Only the lines in the entries below from the line with "So these first" to the line with "Next case treated", both included, belong in the answer, transcribed exactly and without pictures.

[RAW DATA]
......
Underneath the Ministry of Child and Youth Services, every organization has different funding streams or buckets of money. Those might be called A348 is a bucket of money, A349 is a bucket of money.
......
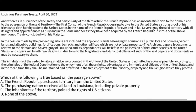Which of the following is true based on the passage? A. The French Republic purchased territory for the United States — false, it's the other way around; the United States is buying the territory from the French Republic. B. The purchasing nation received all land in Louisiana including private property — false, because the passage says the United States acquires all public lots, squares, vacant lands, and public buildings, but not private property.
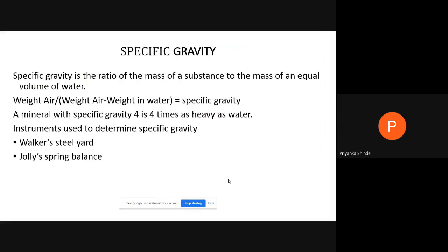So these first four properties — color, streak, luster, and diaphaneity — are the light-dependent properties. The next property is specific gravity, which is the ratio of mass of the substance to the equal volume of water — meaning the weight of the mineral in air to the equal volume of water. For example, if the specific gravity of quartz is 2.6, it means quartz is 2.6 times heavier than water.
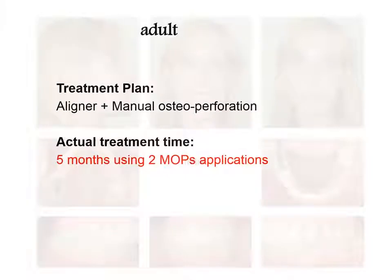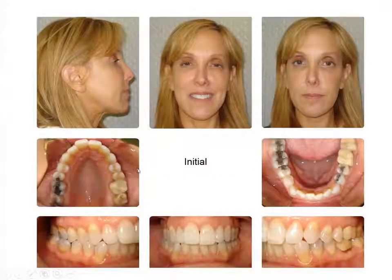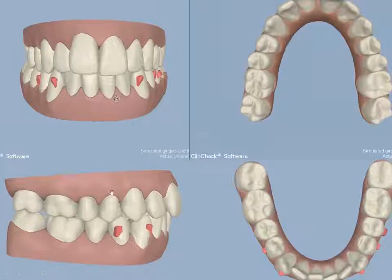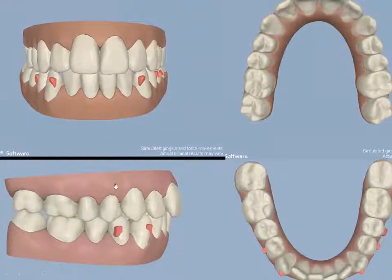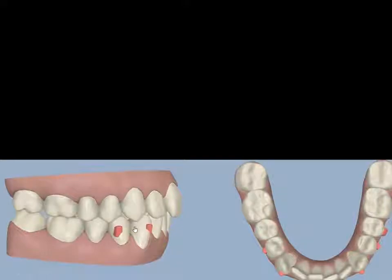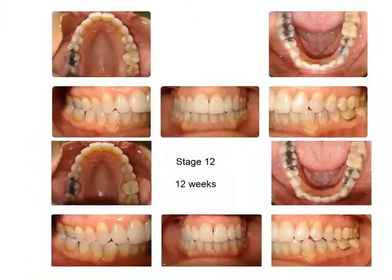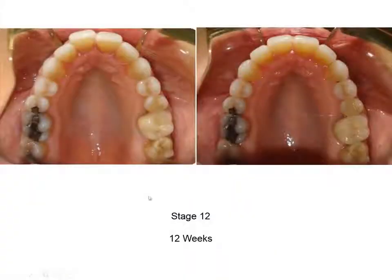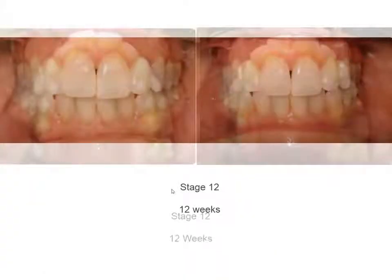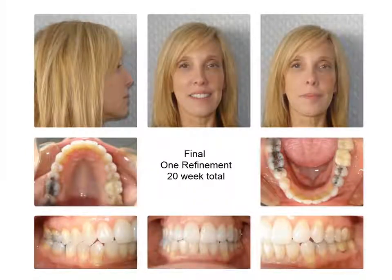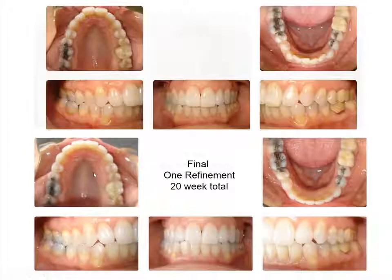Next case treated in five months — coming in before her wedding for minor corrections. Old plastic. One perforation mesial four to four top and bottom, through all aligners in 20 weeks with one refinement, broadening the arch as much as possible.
......
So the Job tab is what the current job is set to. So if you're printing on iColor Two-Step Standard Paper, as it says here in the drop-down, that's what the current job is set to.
......
[RESPONSE TO THIS EXERCISE]
So these first four properties — color, streak, luster, and diaphaneity — are the light-dependent properties. The next property is specific gravity, which is the ratio of mass of the substance to the equal volume of water — meaning the weight of the mineral in air to the equal volume of water. For example, if the specific gravity of quartz is 2.6, it means quartz is 2.6 times heavier than water.
Next case treated in five months — coming in before her wedding for minor corrections. Old plastic. One perforation mesial four to four top and bottom, through all aligners in 20 weeks with one refinement, broadening the arch as much as possible.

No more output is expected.